Information, Statistics, and Practical Achievement of Shannon Capacity (Watch )

Andrew Barron, Yale

Abstract: The interplay of information and statistics occurs in several areas of activity including the following, from which we review a selection.

1) Information quantities have fundamental roles in the understanding of probabilistic phenomena ranging from probability exponents for laws of large numbers, to monotonic approach in the central limit theorem, to convergence of Markov chain distributions, to martingales.

2) Information theory techniques provide fundamental limits in statistical risk characterization, including minimax risks of function estimation.

3) Statistical modeling principles are informed and analyzed using principles of data compression. Characterization of likelihood penalites that are information-theoretically valid and statistically valid. Implications for maximum likelihood, Bayes, and MDL methods.

4) Statistical principles provide formulation and solution of channel communication problems. Sparse superposition encoding and adaptive successive decoding by iterative term extraction in regression with random design. Communication at rates up to capacity for the additive white Gaussian noise channel subject to a power constraint.
 
The Full Monte Carlo: A Live Performance With Stars (Watch )

Xiao-Li Meng, Harvard

Abstract: Markov chain Monte Carlo (MCMC) methods, originated in computational physics more than half a century ago, have seen an enormous range of applications in quantitative scientific investigations. This is mainly due to their ability to simulate from very complex distributions needed by all kinds of statistical models, from bioinformatics to financial engineering to astronomy. The first part of this talk provides an introductory tutorial of the two most frequently used MCMC algorithms: the Gibbs sampler and the Metropolis-Hastings algorithm. Using simple yet non-trivial examples, we demonstrate, via live performance, the good, bad, and ugly implementations. Along the way, we reveal both the mathematical challenges in establishing their convergence rates and the statistical thinking underlying their designs, including the secret behind the greatest statistical magic. Audience participation is required, though no prior experience is needed.

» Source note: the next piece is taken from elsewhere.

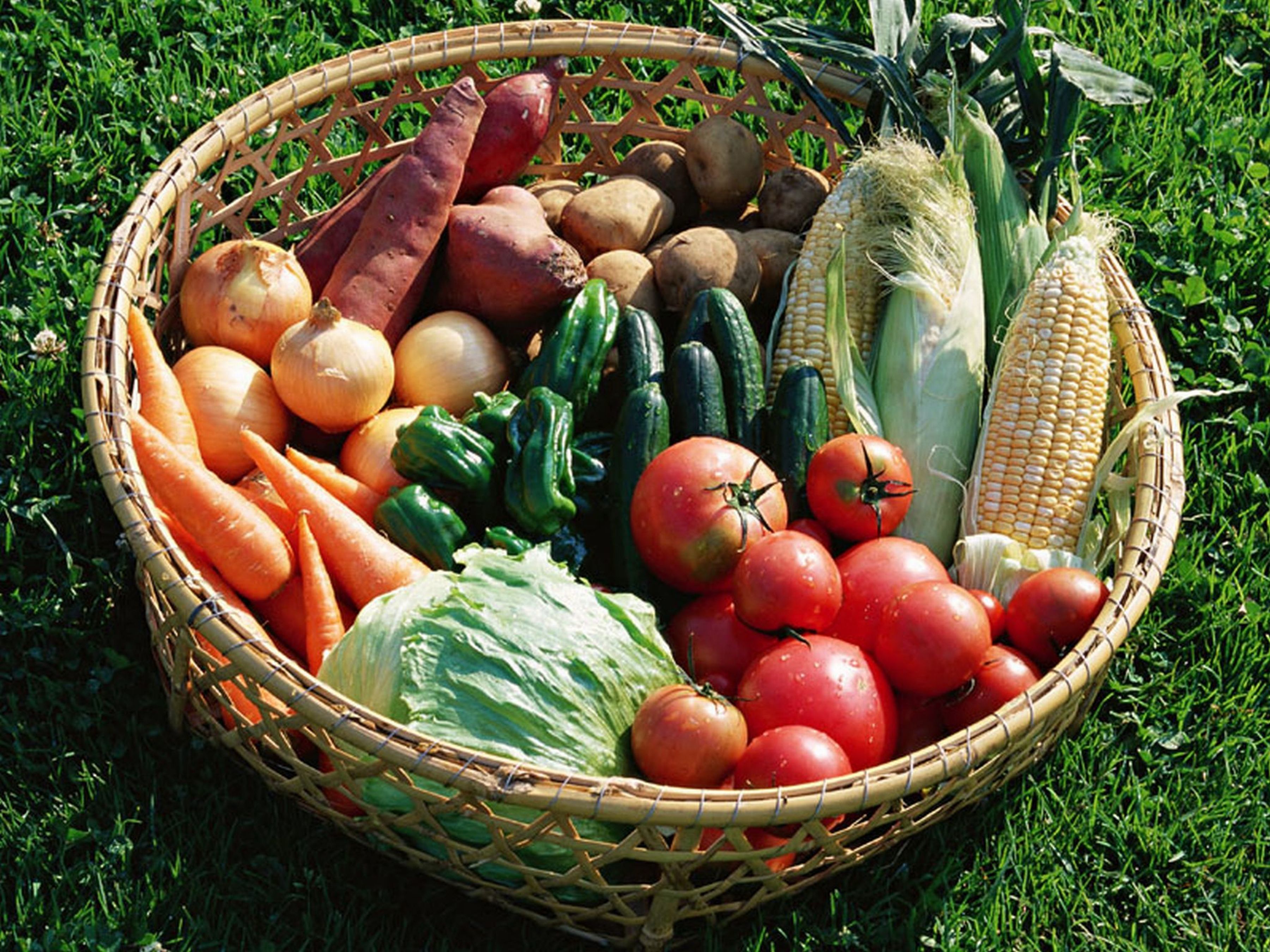 A basket filled with various vegetables including carrots, tomatoes, and corn on the cob.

The second part of the talk presents an Ancillary-Sufficient Interweaving Strategy (ASIS), a surprisingly simple and effective boosting method for combating some of the serious problems revealed in the first part. The ASIS method was discovered almost by accident during the struggle of a Ph.D. student (Yaming Yu) with fitting a Cox process model for detecting changes in source intensity of photon counts observed by the Chandra X-ray Telescope from a (candidate) neutron/quark star. Yu’s method for solving that particular problem turned out to be of considerable generality, which ultimately led to the full formulation of ASIS. The method achieves fast convergence by taking advantage of the “beauty and beast” discordant nature of two MCMC schemes to break the usual “stickiness” of a Markov chain, i.e., its high auto dependence and hence slow exploration of the state space. This part of the talk is based on an upcoming discussion article, Yu and Meng (2011), in Journal of Computational and Graphical Statistics.
 
Covariance Matrices Estimation for Time Series

Wei Biao Wu, University of Chicago

Abstract: I will give a tutorial lecture for covariance matrix estimation for time series. Under a short-range dependence condition for a wide class of nonlinear processes described in Wiener (1958), I will show that the banded covariance matrix estimates converge in operator norm to the true covariance matrix with explicit rates of convergence. Such rates are optimal. I will also consider the consistency of the estimate of the inverse covariance matrix. These results are applied to the traditional Wiener-Kolmogorov prediction theory, and error bounds for the finite predictor coefficients are obtained.
 
Sparse Modeling for High Dimensional Data (Watch )

Bin Yu, UC Berkeley

Abstract: Information technology has enabled the collection of massive amounts of data in science, engineering, social science, finance and beyond. Statistics is the science of data and indispensable for extracting useful information from high-dimensional data. After broad successes of statistical machine learning on prediction through regularization, interpretability is gaining attention and sparsity is used as its proxy. With the virtues of both regularization and sparsity, L1 penalized Least Squares(e.g. Lasso) has been intensively studied by researchers from statistics, applied mathematics and signal processing.

In this tutorial, I would like to give an overview of both theory and pratcice of Lasso and its extensions. I will review theoretical results of Lasso and M-estimation with decomposable penalties under high dimensional statistical models. I will also share experience on using sparse modeling methods in in two on-going projects in two very differnet areas. The first is an on-going collaborative project with the Gallant Neuroscience Lab at Berkeley on human understanding visual pathway. In particular, sparse models (linear, non-linear, and graphical) have been built to relate natural images to fMRI responses in human primary visual cortex area V1. Issues of model validation will be discussed. The second is the on-going StatNews project with the El Guaoui group in EECS at Berkeley where we use sparse methods to derive summaries of newspaper articles on a particular topic. We use human subject experiments to validate our findings.